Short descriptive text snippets
BEGIN
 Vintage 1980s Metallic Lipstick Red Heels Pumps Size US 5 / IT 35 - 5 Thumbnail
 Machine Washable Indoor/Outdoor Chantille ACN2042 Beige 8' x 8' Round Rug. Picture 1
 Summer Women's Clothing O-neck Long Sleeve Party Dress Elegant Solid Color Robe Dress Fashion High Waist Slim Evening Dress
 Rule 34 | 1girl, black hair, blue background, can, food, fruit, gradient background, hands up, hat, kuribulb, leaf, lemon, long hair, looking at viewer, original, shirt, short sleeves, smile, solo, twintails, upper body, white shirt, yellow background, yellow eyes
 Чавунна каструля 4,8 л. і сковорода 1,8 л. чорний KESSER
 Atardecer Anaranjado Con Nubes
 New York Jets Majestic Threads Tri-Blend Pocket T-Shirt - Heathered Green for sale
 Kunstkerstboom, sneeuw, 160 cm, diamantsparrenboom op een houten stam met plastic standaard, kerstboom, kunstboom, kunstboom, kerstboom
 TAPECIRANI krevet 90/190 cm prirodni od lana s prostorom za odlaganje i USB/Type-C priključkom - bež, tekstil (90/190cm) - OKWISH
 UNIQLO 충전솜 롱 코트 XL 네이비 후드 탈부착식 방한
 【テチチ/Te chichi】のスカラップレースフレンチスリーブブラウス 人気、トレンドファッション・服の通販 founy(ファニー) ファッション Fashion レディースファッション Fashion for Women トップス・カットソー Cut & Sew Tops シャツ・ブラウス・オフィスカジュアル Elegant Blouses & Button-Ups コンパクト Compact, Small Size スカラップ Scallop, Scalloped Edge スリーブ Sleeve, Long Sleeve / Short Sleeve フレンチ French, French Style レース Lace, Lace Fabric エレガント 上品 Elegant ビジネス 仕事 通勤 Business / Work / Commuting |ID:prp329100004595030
END
● Instructions for the task
Transcribe every record above word for word.

● Answer to this exercise
 Vintage 1980s Metallic Lipstick Red Heels Pumps Size US 5 / IT 35 - 5 Thumbnail
 Machine Washable Indoor/Outdoor Chantille ACN2042 Beige 8' x 8' Round Rug. Picture 1
 Summer Women's Clothing O-neck Long Sleeve Party Dress Elegant Solid Color Robe Dress Fashion High Waist Slim Evening Dress
 Rule 34 | 1girl, black hair, blue background, can, food, fruit, gradient background, hands up, hat, kuribulb, leaf, lemon, long hair, looking at viewer, original, shirt, short sleeves, smile, solo, twintails, upper body, white shirt, yellow background, yellow eyes
 Чавунна каструля 4,8 л. і сковорода 1,8 л. чорний KESSER
 Atardecer Anaranjado Con Nubes
 New York Jets Majestic Threads Tri-Blend Pocket T-Shirt - Heathered Green for sale
 Kunstkerstboom, sneeuw, 160 cm, diamantsparrenboom op een houten stam met plastic standaard, kerstboom, kunstboom, kunstboom, kerstboom
 TAPECIRANI krevet 90/190 cm prirodni od lana s prostorom za odlaganje i USB/Type-C priključkom - bež, tekstil (90/190cm) - OKWISH
 UNIQLO 충전솜 롱 코트 XL 네이비 후드 탈부착식 방한
 【テチチ/Te chichi】のスカラップレースフレンチスリーブブラウス 人気、トレンドファッション・服の通販 founy(ファニー) ファッション Fashion レディースファッション Fashion for Women トップス・カットソー Cut & Sew Tops シャツ・ブラウス・オフィスカジュアル Elegant Blouses & Button-Ups コンパクト Compact, Small Size スカラップ Scallop, Scalloped Edge スリーブ Sleeve, Long Sleeve / Short Sleeve フレンチ French, French Style レース Lace, Lace Fabric エレガント 上品 Elegant ビジネス 仕事 通勤 Business / Work / Commuting |ID:prp329100004595030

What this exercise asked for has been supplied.